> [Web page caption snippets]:
=== Section Start ===

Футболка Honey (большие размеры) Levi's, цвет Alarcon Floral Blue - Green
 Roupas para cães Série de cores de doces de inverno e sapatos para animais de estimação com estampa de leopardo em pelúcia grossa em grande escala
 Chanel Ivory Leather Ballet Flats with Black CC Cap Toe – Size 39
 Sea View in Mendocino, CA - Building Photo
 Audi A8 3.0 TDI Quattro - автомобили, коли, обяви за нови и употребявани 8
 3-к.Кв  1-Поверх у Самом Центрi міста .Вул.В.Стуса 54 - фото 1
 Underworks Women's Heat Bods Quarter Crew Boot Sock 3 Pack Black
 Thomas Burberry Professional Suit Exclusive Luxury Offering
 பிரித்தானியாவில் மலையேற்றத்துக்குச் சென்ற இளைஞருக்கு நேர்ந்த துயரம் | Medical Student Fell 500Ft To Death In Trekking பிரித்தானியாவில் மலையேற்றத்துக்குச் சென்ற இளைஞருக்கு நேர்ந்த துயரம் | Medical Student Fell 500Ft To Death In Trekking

=== Section End ===

For each record above, output it exactly as written.

Футболка Honey (большие размеры) Levi's, цвет Alarcon Floral Blue - Green
 Roupas para cães Série de cores de doces de inverno e sapatos para animais de estimação com estampa de leopardo em pelúcia grossa em grande escala
 Chanel Ivory Leather Ballet Flats with Black CC Cap Toe – Size 39
 Sea View in Mendocino, CA - Building Photo
 Audi A8 3.0 TDI Quattro - автомобили, коли, обяви за нови и употребявани 8
 3-к.Кв  1-Поверх у Самом Центрi міста .Вул.В.Стуса 54 - фото 1
 Underworks Women's Heat Bods Quarter Crew Boot Sock 3 Pack Black
 Thomas Burberry Professional Suit Exclusive Luxury Offering
 பிரித்தானியாவில் மலையேற்றத்துக்குச் சென்ற இளைஞருக்கு நேர்ந்த துயரம் | Medical Student Fell 500Ft To Death In Trekking பிரித்தானியாவில் மலையேற்றத்துக்குச் சென்ற இளைஞருக்கு நேர்ந்த துயரம் | Medical Student Fell 500Ft To Death In Trekking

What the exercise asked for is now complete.